Henry Bowen (December 26, 1841 – April 29, 1915) was a Virginia lawyer, soldier and politician from Tazewell County, Virginia. After raising a unit which became the 22nd Virginia Cavalry, he fought for the Confederate States of America during the American Civil War, after which Bowen served in the Virginia House of Delegates, as well as the U.S. House of Representatives, first as a Readjuster, then as a Republican.

Family and early life 
Born at "Maiden Spring," near Tazewell, Tazewell County, Virginia, Bowen was the son of Democratic Congressman Rees Bowen, nephew of Senator John Warfield Johnston (a postwar member of the Conservative Party of Virginia, and cousin of Tennessee's last Whig governor William Bowen Campbell.
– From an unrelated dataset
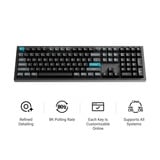 Keychron Q6 Ultra-M3 8K Wireless Custom Mechanical Keyboard, toetsenbord Zwart, US lay-out, Keychron Silk POM Brown, RGB, Hot swap, 8K, 2.4 GHz / Bluetooth 5.2 / USB-C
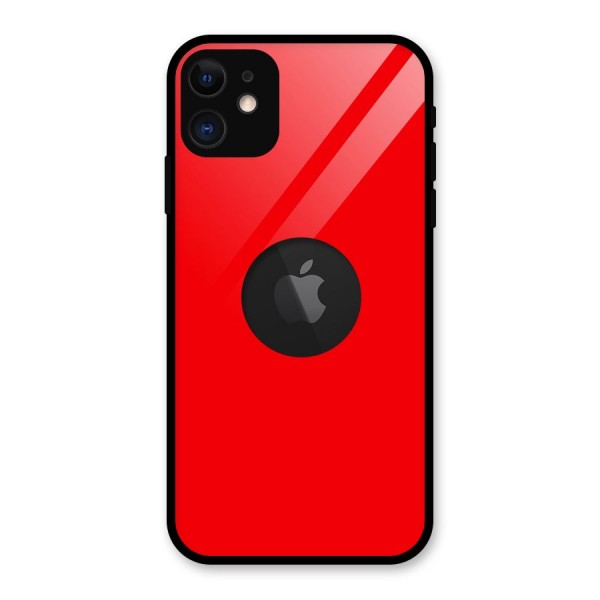 Bright Red Glass Back Case for iPhone 11 Logo Cut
After a private education suitable to his class, he attended Emory and Henry College in Emory, Virginia.

Confederate captain
Bowen farmed, then entered the Confederate Army in 1861 as a captain of the 22nd Virginia Cavalry, which fought with Payne's brigade, Lee's division, Army of Northern Virginia. On December 21, 1864, Sheridan's cavalry captured Capt. Bowen at Lacy Springs, Virginia. Upon being paroled on June 19, 1865, Bowen returned to his native county and resumed farming.

Political career 
Bowen was elected and re-elected as a one of Tazewell County's representatives in the Virginia House of Delegates from 1869 to 1873. In 1883, he was elected as a Readjuster to the Forty-eighth Congress, serving from March 4, 1883 to March 3, 1885. Bowen failed to win renomination in 1884. He was elected as a Republican to the Fiftieth Congress, serving from March 4, 1887 to March 3, 1889. He was an unsuccessful candidate for reelection in 1888 to the Fifty-first Congress.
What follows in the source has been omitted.